Dans l’exposition parisienne sur la Mélancolie de 2005, on pouvait voir une étrange gravure sur bois d’après un dessin de Caspar David Friedrich, Femme au corbeau au bord d’un précipice. Malgré la maladresse de la gravure, l’image est très prenante : un arrière-plan de montagnes, une femme debout sur un rocher, regardant vers nous ; elle est au bord d’un précipice où semble déjà l’entraîner le mouvement de bascule de trois arbres desséchés ou morts. Présage sinistre, un corbeau est perché près d’elle sur une branche morte, tandis qu’un autre plane un peu en-dessous.
Cette œuvre ne suscite pas tant le vertige (l’abime est peu visible) qu’une impression d’étrangeté fantastique : la figure féminine paraît en continuité avec les éléments végétaux : une branche morte semble remplacer son bras droit, une autre paraît continuer sa main gauche, un tronc sort de dessous ses pieds, tel rameau épouse le pli du vêtement, les mèches de ses cheveux se tordent comme les branches sèches. La femme semble en métamorphose, telle une nouvelle Daphné, ou plutôt en voie d’effacement.
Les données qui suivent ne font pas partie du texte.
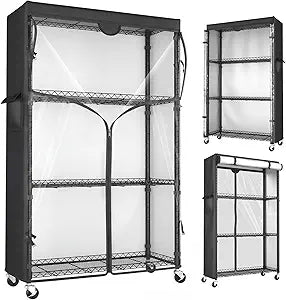 4-Tier Wire Shelving Rack with Cover, Space Saving Metal Storage Organizer 36"W x 14"D x 63"H with Rolling Wheels and 600D Oxford Fabric Cover for Closet, Dorm Room, Pantry, Bedroom & Apartment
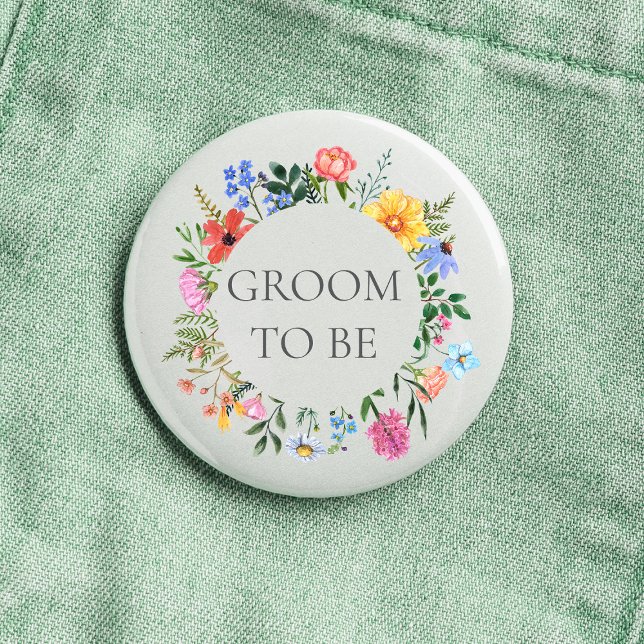 Wildflower Groom Wedding  3 Cm Round Badge (Groom to be Wildflower Watercolor Floral Wreath Wedding Button)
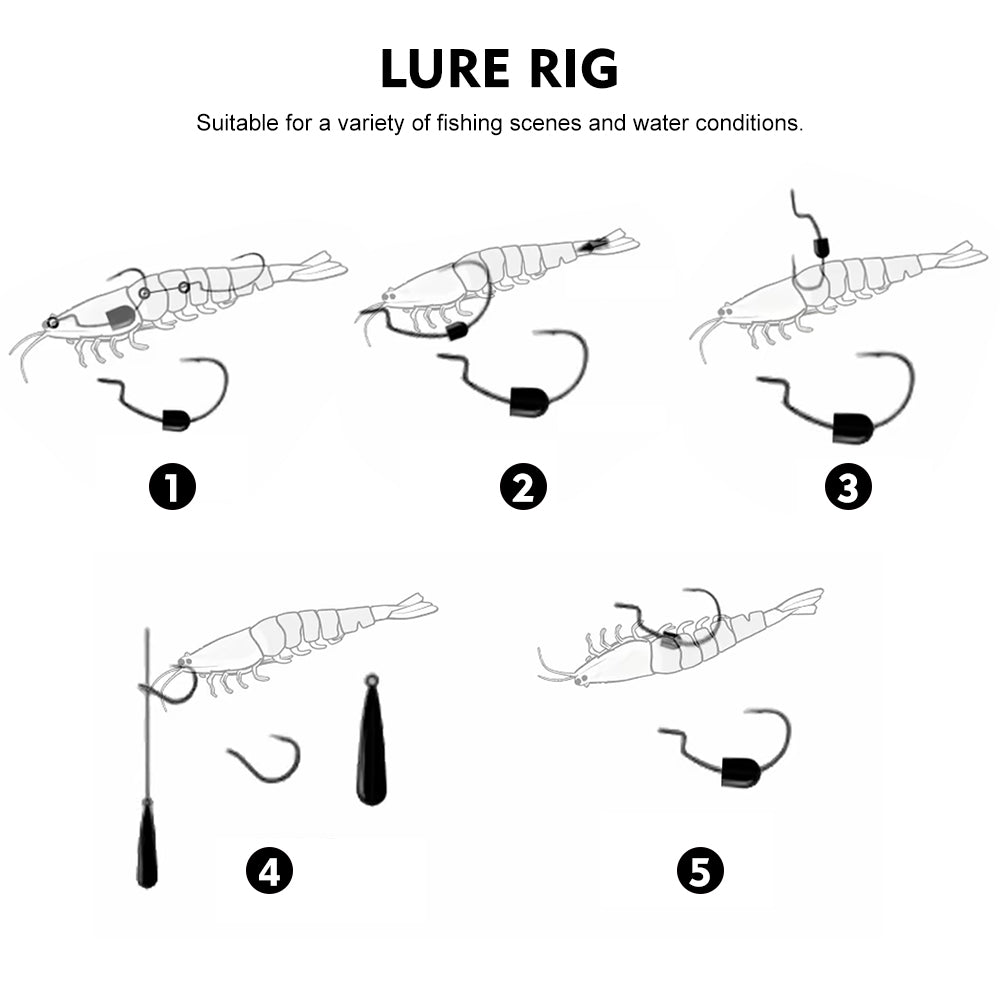 SUNLURE Segmented Shrimp Soft Bait, 22g/37g, 5 Colors Lifelike Shrimp Fishing Lure, Multi-Jointed, 15cm/18cm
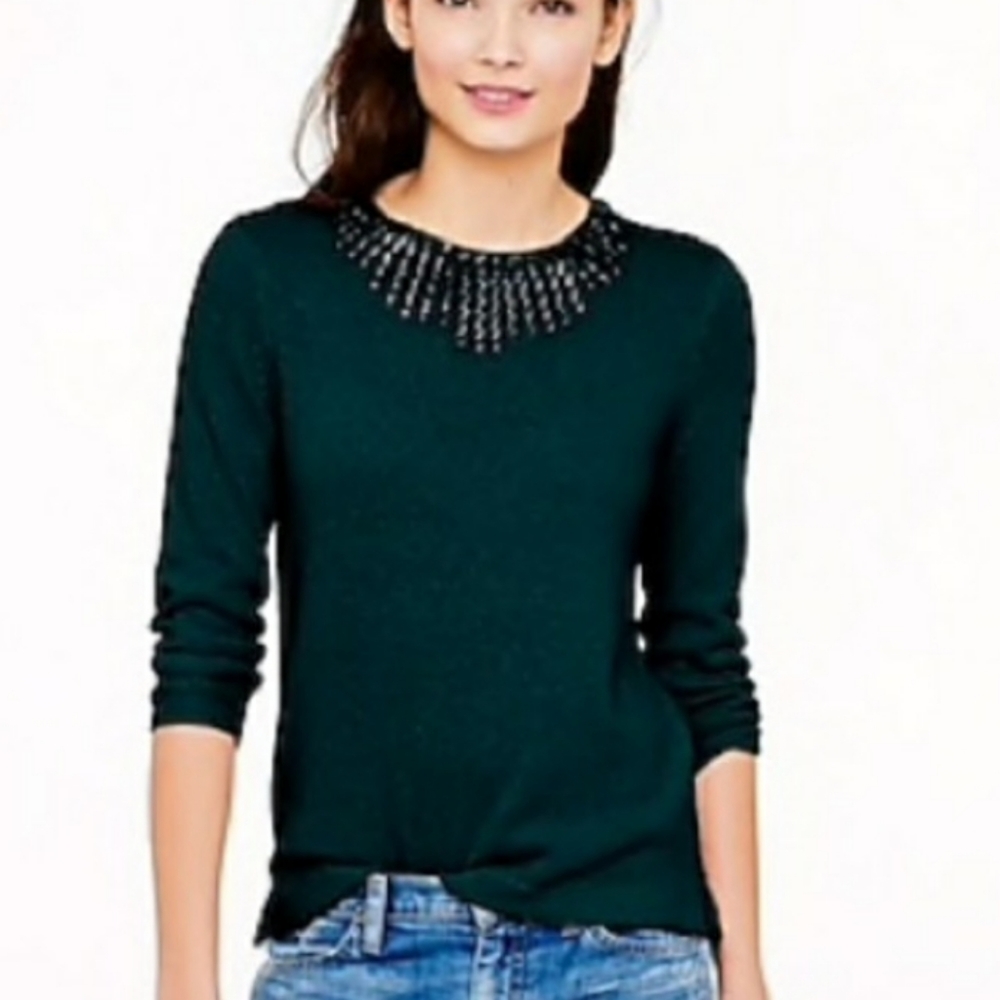 J. Crew Heathered Grey Jeweled Starburst Sweater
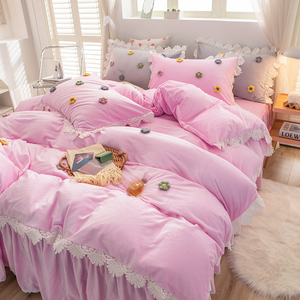 ins公主风水晶绒床裙四件套日系粉色少女心珊瑚绒双面绒1.8米床冬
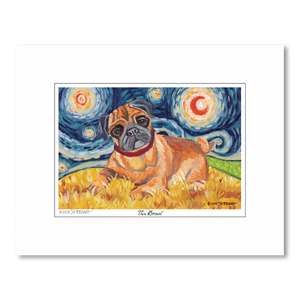 Pug Starry Night Matted Print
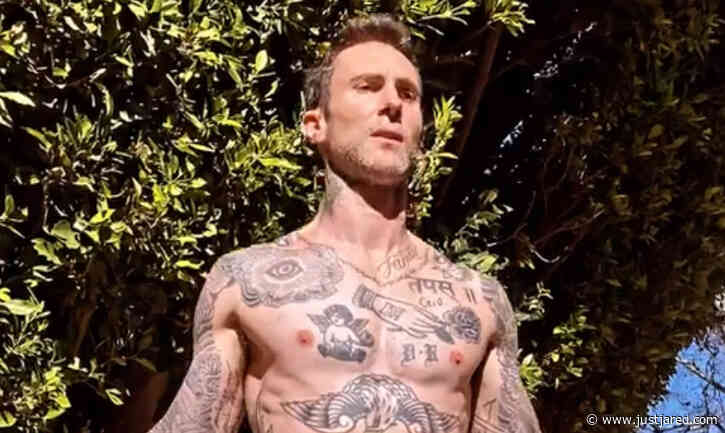 Adam Levine Shows Off His Fit Body During a Shirtless Workout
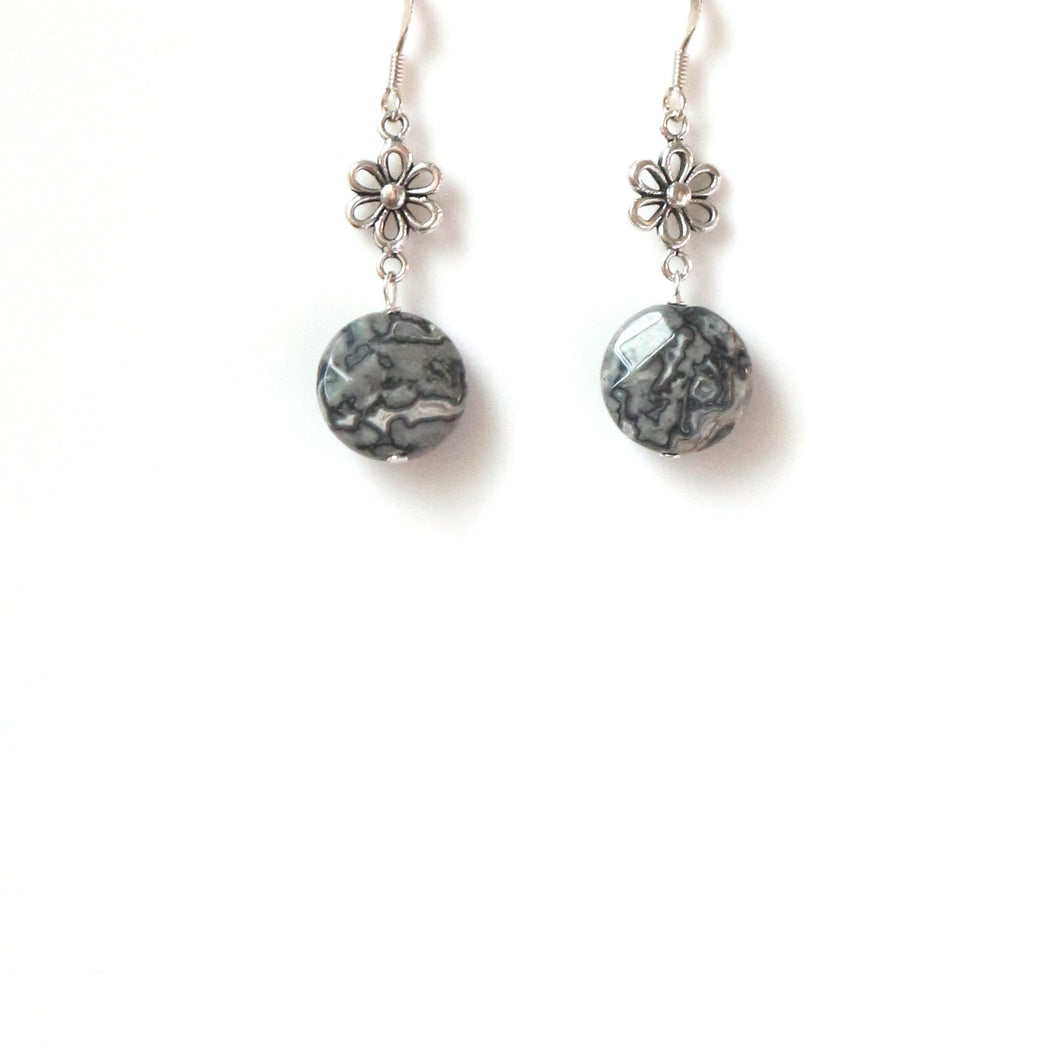 Grey Earrings with Grey Lace Agate and Sterling Silver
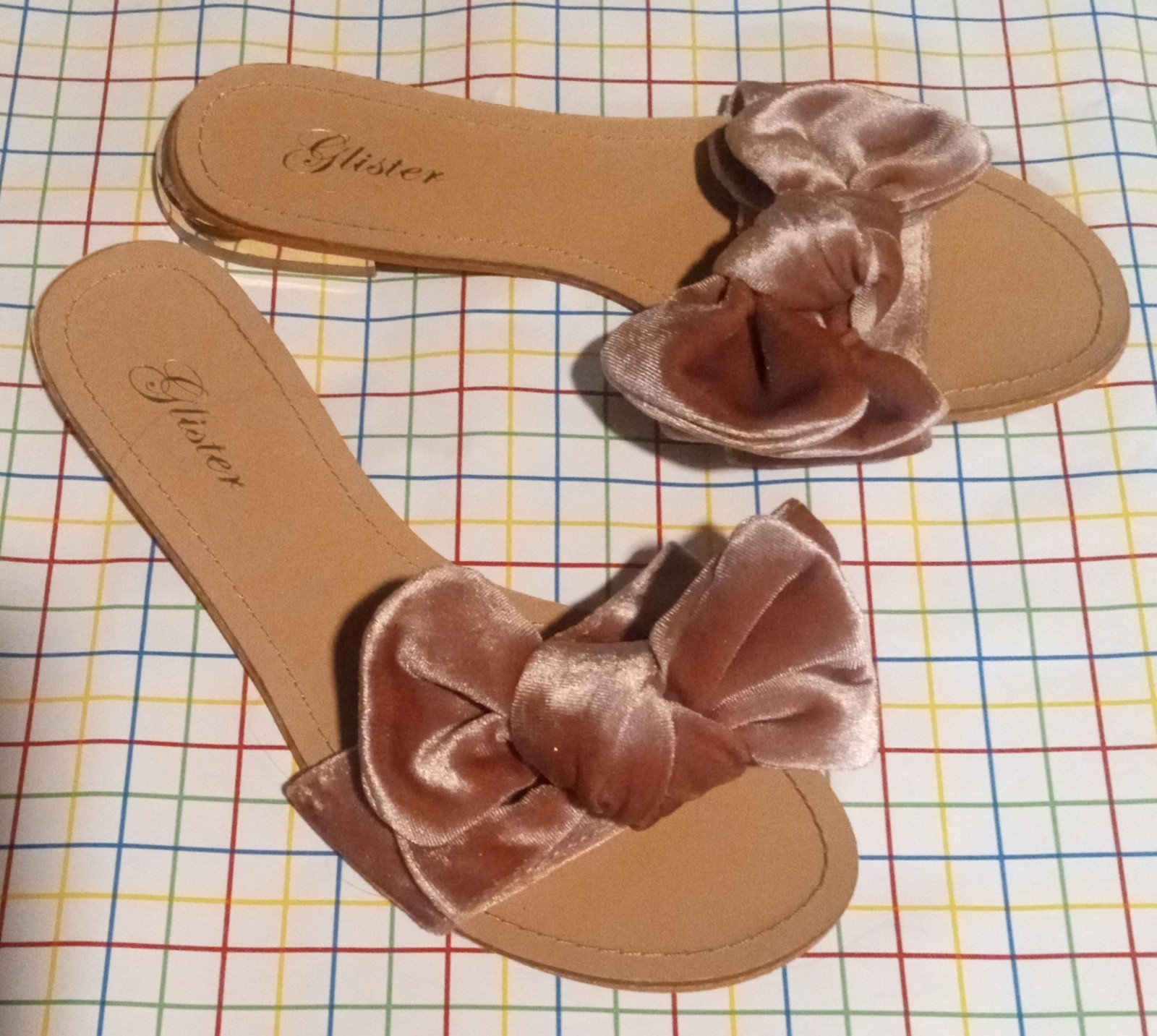 Glister Velvet Slide Sandals, 8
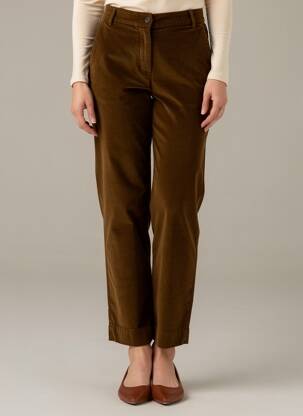 Pantalon chino închidere cu fermoar sub clapetă cu nasturi mărime normală maro HARTFORD femeie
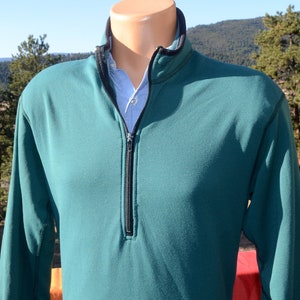 vintage 80s FLEECE jacket REI half-zip Medium green henley pullover ski sweatshirt
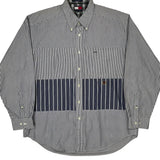 Tommy Hilfiger Striped Shirt - Large Blue Cotton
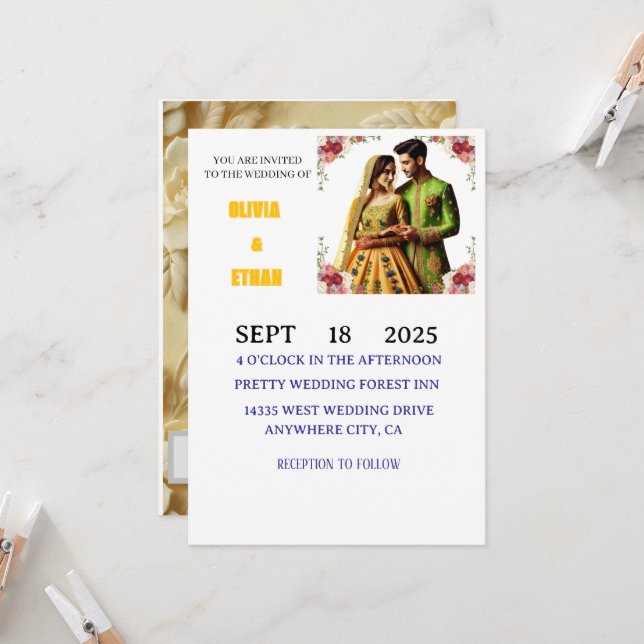 Butter yellow & green Elegant floral  Invitation (Front/Back In Situ)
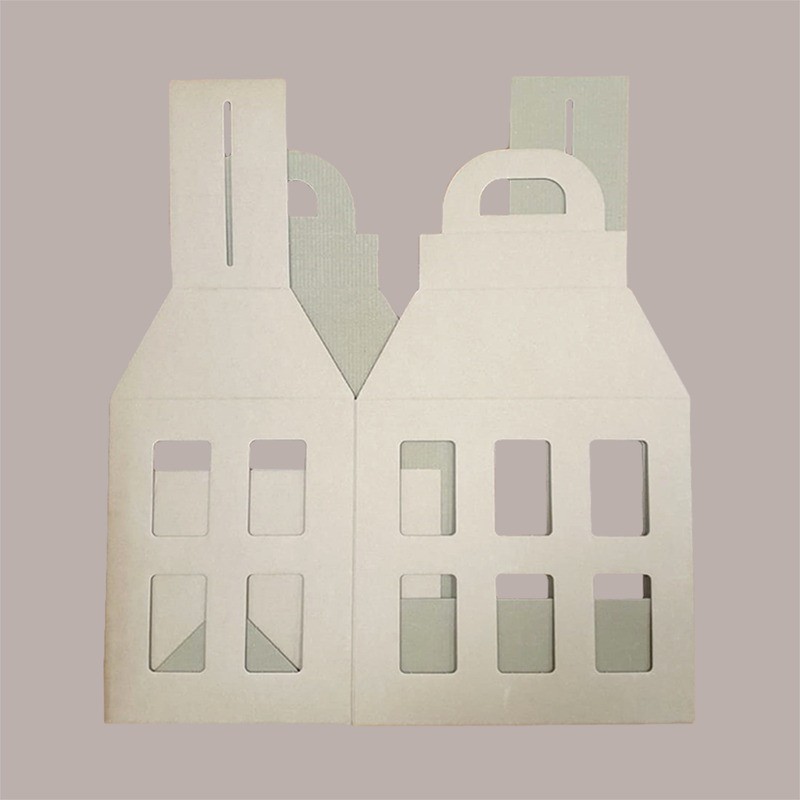 5 Pz Scatola per Confezione Regalo in Carta Avana a Forma di Lanterna 300x225H365mm [202d730d]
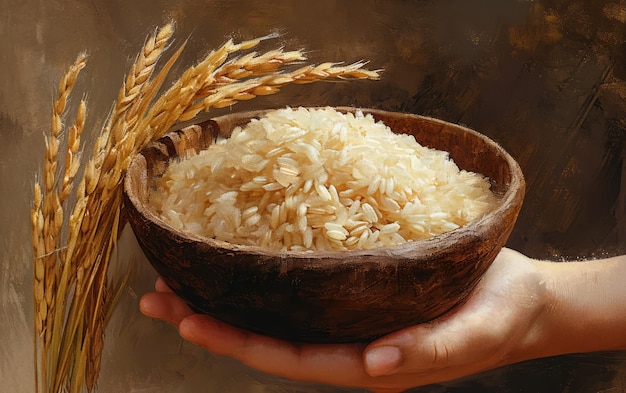 Le riz récolté dans un bol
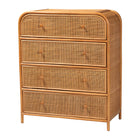 bali & pari Sampit Natural Rattan 4-Drawer Storage Cabinet - Handwoven Cane Displaying Unit with Rounded Frame, Boho Coastal Accent Furniture for Hallway, Living room or Bathroom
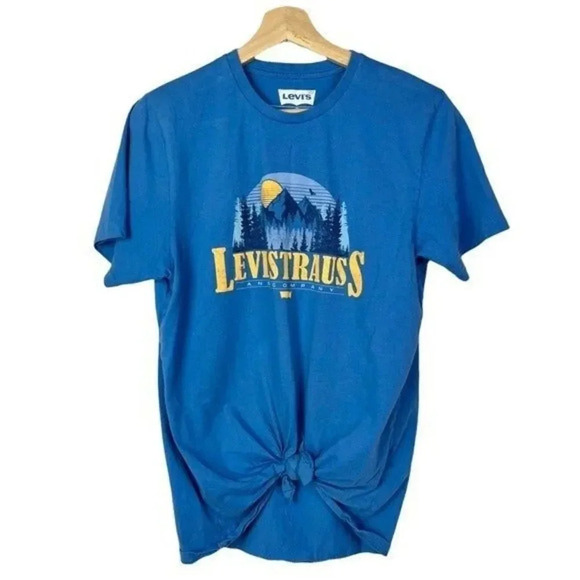 Levi's Nautical Blue Mountain Graphic Crew Neck T-Shirt M - Picture 1 of 3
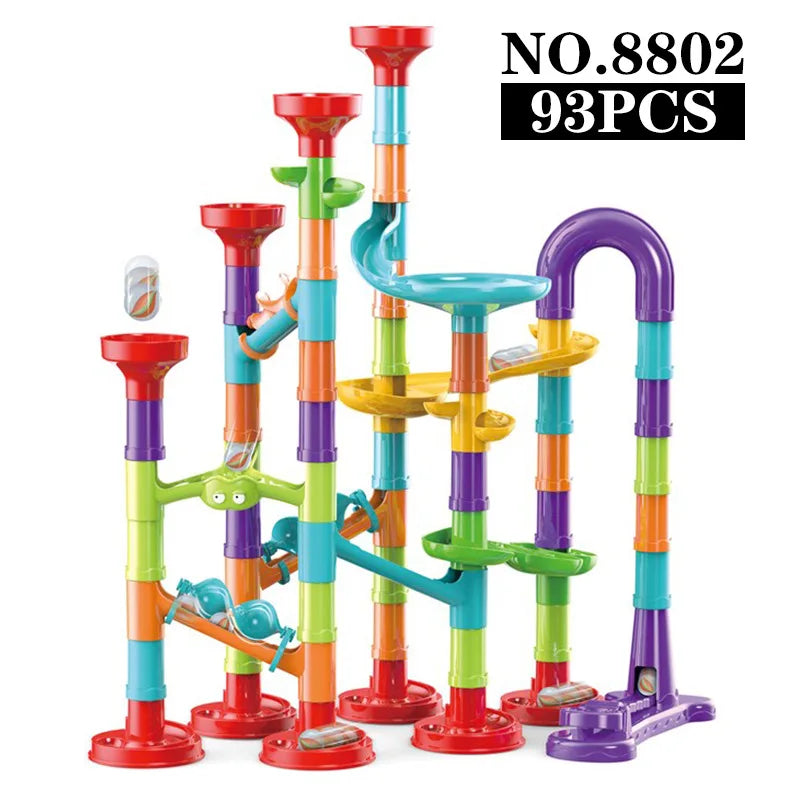29-142PCS Marble Run Building Blocks Marbles Slide Toys For Children DIY Creativity Constructor Educational Toys Children Gift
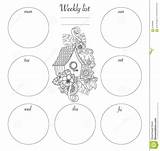 Sketchbook Coloring Weekly List Mockup Notepad Diary Vector Preview sketch template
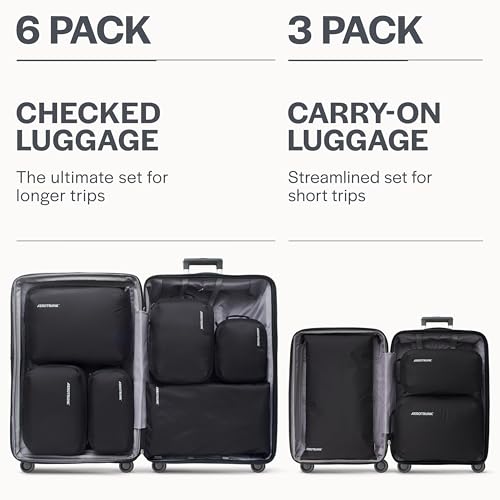 Aerotrunk Ultralight Compression Packing Cubes for Travel, 3-Pack, Black - color: Black, size: 3-Pack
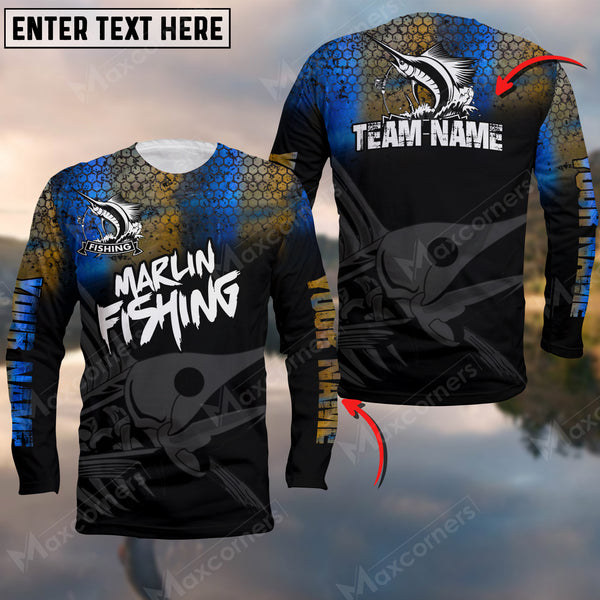 Max Corner Marlin Personalized Fishing Skeleton Sport Jersey Style 3D Long Sleeve Shirt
Quant à la Femme avec une toile d’araignée, du même artiste, c’est le bas de son corps qui semble se fondre dans la végétation. Derrière elle, une branche-serpent semble vouloir tenter cette autre Ève. La toile d’araignée suggère peut-être le piège, la menace, mais surtout la même fugacité, la même fragilité de la vie que dans l’autre gravure. La mélancolie, ce n’est pas ici la mort elle-même, malgré l’insistance des symboles, mais cet évanouissement possible de l’humain dans un paysage qui ne lui offre pour toute issue que le reflet de son état d’âme.